To follow up on a previous post requesting feedback on topics and offering to highlight members of the community, I learned of a company called Crossing Gaps — they help bring creative people (writers, artists, musicians, startups) online. Crossing Gaps helps them with everything from web design to marketing and monetization strategy so they can focus on doing what they do well, creating great products and services. My interest in this company is that it’s a classic .com consulting firm started by 3 guys, lots of whiteboarding and the desire to help people. They, like many organizations in their early stages, are feeling their way, finding ways to diversify their revenue and opportunities. Crossing Gaps will be an interesting company to watch.
Before starting his own business, Spalding worked as the online marketing director at Grooveshark, a music streaming company out of Gainesville, FL. He met co-founders Quang Tran and Nathan Thompson. Nate was his first intern and Quang and Steve had been working on various entrepreneurial projects for about a year before they buckled down and decided to throw themselves into Crossing Gaps. The opportunity to work in a startup helped prepare him for the challenges he could expect to see in his own endeavor.
“Blogging about entrepreneurs before joining Grooveshark gave me some idea of what having my own business might be like, but there is nothing quite like being in trenches. ” – Steven Spalding
Enjoying the coaching aspect of consulting the most, Spalding enjoys seeing his clients move to the next level in their marketing. He works with large and small organizations but the most satisfying work he does is with their smaller clients. “To see people who didn’t know anything about marketing on the web three months before be able to do effective, creative things without any prompting from us is really fantastic.”
Spalding recently authored a book named All The Little Things. Centered on creativity, building great ideas on the web and keeping yourself sane in the process. He is releasing a version for free, (http://atltbook.com) and selling a PDF “Final Edition.” For some inspiration, give it a read.
Spalding, an Electrical Engineer by degree, recognized that the people building the most exciting technology are the least able to explain it to others or commercialize it effectively.
| The Opportunity.
Crossing Gaps offers a wide range of services to their clients based on need-business phase they find themselves in. From helping them “get online” to developing the right marketing mix (social media, print, online) to achieve their goals.
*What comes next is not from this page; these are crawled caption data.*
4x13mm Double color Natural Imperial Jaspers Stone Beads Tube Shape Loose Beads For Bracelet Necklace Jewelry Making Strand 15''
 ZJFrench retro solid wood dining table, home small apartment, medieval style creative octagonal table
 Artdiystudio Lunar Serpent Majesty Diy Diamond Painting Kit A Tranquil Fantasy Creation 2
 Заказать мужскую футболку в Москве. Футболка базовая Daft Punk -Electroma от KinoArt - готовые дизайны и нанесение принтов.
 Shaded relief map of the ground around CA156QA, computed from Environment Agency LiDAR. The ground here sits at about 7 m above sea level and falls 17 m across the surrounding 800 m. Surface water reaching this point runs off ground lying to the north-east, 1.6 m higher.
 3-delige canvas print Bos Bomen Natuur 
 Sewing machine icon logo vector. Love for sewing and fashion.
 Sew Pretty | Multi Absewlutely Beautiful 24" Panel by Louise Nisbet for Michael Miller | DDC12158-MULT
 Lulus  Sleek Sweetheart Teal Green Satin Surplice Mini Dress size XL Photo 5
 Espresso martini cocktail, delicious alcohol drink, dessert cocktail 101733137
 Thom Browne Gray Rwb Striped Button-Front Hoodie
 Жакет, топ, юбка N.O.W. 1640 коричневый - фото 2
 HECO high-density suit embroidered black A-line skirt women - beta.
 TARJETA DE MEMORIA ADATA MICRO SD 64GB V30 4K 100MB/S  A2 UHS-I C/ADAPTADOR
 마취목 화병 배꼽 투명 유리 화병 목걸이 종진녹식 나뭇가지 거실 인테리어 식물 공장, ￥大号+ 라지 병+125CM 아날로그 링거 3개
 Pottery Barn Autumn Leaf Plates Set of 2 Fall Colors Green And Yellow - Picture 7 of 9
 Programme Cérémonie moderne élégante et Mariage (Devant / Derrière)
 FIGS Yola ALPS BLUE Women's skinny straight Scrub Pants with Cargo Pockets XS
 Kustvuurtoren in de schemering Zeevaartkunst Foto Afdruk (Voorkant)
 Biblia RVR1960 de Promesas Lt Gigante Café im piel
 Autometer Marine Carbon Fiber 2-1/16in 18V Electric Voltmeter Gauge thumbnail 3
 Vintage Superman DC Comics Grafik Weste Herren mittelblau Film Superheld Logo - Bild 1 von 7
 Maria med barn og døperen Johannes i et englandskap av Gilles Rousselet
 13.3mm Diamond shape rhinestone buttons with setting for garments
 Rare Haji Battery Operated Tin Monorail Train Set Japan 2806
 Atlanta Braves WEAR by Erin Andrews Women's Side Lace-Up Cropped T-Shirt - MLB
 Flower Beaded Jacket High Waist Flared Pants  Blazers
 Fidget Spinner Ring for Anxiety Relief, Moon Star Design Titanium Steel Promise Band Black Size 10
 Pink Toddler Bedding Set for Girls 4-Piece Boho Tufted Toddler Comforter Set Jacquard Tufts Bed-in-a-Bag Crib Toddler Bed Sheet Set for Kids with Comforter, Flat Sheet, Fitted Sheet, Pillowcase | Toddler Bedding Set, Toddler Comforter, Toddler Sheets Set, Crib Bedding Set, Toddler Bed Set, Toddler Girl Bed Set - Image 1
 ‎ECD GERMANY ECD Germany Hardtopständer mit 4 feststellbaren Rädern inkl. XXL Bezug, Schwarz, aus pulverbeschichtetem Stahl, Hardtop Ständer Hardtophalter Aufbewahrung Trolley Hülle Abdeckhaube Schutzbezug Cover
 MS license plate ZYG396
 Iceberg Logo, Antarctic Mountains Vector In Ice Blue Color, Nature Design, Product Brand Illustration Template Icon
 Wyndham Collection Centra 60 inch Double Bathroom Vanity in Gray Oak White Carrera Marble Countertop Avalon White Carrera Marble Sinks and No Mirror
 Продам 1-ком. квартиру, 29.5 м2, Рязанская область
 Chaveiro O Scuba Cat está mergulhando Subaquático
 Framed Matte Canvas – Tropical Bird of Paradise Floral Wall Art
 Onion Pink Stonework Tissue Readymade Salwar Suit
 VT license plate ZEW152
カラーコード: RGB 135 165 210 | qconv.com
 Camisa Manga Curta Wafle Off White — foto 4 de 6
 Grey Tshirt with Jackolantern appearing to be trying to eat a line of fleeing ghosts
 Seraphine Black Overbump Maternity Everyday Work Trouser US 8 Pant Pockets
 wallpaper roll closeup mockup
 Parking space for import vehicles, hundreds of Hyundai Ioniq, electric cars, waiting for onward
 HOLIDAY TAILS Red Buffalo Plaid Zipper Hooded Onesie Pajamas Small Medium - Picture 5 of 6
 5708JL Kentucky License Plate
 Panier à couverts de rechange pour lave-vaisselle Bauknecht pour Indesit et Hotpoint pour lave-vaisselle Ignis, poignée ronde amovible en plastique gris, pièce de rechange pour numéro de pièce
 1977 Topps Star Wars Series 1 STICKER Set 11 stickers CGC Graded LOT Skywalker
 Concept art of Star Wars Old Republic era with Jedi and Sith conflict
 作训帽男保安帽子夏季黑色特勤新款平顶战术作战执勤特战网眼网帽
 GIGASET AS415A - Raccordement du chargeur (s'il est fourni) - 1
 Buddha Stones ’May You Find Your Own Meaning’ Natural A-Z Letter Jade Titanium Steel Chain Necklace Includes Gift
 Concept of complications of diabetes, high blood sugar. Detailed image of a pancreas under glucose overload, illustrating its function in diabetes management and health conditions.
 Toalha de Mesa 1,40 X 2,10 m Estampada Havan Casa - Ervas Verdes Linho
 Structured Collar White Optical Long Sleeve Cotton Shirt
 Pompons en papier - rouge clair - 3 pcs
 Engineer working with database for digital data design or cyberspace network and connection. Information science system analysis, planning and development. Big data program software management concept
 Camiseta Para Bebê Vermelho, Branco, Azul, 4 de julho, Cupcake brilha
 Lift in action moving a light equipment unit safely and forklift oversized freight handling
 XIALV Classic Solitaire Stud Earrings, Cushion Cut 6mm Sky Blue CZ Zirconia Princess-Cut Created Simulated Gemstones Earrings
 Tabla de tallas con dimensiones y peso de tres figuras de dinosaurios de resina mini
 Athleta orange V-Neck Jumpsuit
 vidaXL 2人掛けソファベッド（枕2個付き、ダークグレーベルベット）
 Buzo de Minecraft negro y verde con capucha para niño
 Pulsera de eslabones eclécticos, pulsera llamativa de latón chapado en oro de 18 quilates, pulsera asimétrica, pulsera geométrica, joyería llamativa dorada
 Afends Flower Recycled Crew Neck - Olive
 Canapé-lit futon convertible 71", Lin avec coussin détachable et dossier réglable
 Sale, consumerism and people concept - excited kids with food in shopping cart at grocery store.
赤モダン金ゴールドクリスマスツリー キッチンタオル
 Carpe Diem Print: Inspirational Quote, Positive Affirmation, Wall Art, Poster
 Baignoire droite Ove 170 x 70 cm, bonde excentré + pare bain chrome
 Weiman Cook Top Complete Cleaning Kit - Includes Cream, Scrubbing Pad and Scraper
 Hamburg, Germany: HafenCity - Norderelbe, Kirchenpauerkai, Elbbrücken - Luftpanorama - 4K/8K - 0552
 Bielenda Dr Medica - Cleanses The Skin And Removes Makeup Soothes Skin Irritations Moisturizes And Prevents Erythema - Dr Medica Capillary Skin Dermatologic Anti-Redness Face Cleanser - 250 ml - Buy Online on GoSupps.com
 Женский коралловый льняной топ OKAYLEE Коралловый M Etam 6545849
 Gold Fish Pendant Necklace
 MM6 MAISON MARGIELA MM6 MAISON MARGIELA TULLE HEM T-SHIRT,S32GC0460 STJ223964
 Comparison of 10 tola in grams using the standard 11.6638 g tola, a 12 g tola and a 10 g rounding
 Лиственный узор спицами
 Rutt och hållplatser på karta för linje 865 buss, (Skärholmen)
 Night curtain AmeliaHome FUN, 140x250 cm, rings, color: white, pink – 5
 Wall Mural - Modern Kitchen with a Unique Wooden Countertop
Here is a little more of my conversation with Steven:
What is the biggest challenges you’ve had to overcome to start your business?
We started our little enterprise right in the middle of the economic downturn. We have had to deal with everything that entails. No one has money, everyone is tightening their belts and you have to work better and smarter to survive. When I reflect on it, I know it has made us a stronger firm. We’ve needed to be really realistic and really -good- to push through and when things turn around it will pay dividends.
What would you do over again, if you could?
I would be better organized. The biggest issue you have when you get three entrepreneurs in a room is that everyone is working on 50 projects at once and no one wants to write anything down. This is a fantastic way to create ideas, but when you start dealing with schedules and deadlines it gets to be really stressful. Over time we’ve built up systems to deal with that problem but it has been a lot of trial and error.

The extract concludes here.